Egyptian pharaoh of the 9th Dynasty

Wahkare Khety was an ancient Egyptian pharaoh of the 9th or 10th Dynasty during the First Intermediate Period.

== Identity ==
The identity of Wahkare Khety is controversial. While some scholars believe that he was the founder of the 9th Dynasty, many others place him in the subsequent 10th Dynasty.
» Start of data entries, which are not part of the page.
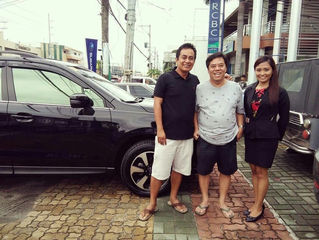 Forester released! enjoy The ride!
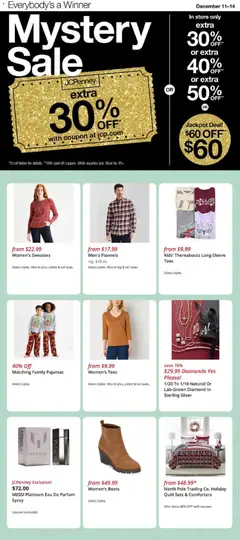 Preview JCPenney Store Ads valid from 12/11/2025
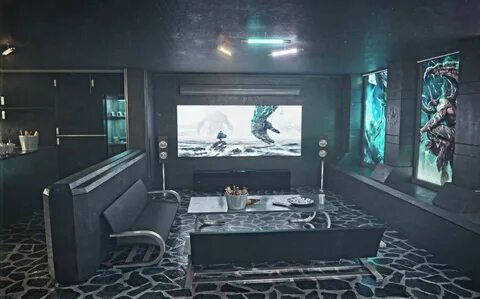 Home decor 2077
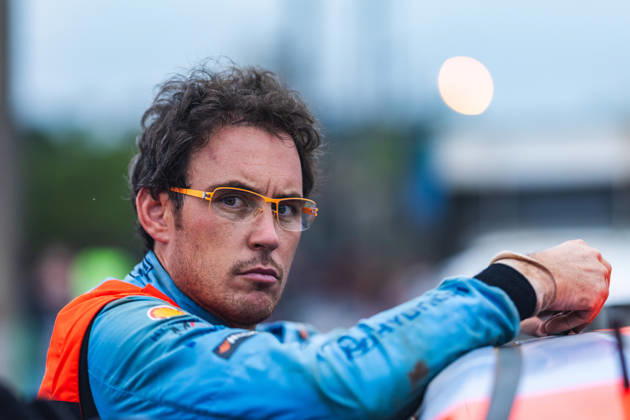 AUTO - WRC, Motorsport Rallye, WM - RALLY DEL PARAGUAY 2026 NEUVILLE Thierry, WYDAEGHE Martijn, Hyundai i20 N Rally1, portrait during the 2026 Rally del Paraguay, 11th round of the 2026 WRC World Rally Car Championship, from August 27 to 30, 2026 at Encarnacion, Itapua, Paraguay - EncarnacionParaguay Copyright: xNikosxKatikisx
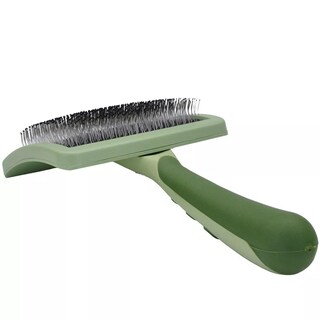 Foto 2 | Foto 2 | Slicker Brush Coastal Para Aseo Y Muda De Perros Color Verde - Venta Internacional.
===9th Dynasty hypothesis===
If Wahkare Khety was the founder of the 9th Dynasty, he may be identified with the hellenized king Achthoês, the founder of this dynasty according to Manetho. Manetho reports: The first of these [kings], Achthoês, behaving more cruel than his predecessors, wrought woes for the people of all of Egypt, but afterwards he was smitten with madness and killed by a crocodile.
If this hypothesis is correct, Wahkare Khety may have been a Herakleopolitan prince who profited from the weakness of the Memphite rulers of the Eighth Dynasty to seize the throne of Middle and Lower Egypt around 2150 BC. This hypothesis is supported by contemporary inscriptions referring to the northern, Herakleopolitan kingdom as the House of Khety, although that only proves that the founder of the 9th Dynasty was a Khety, but not necessarily Wahkare Khety.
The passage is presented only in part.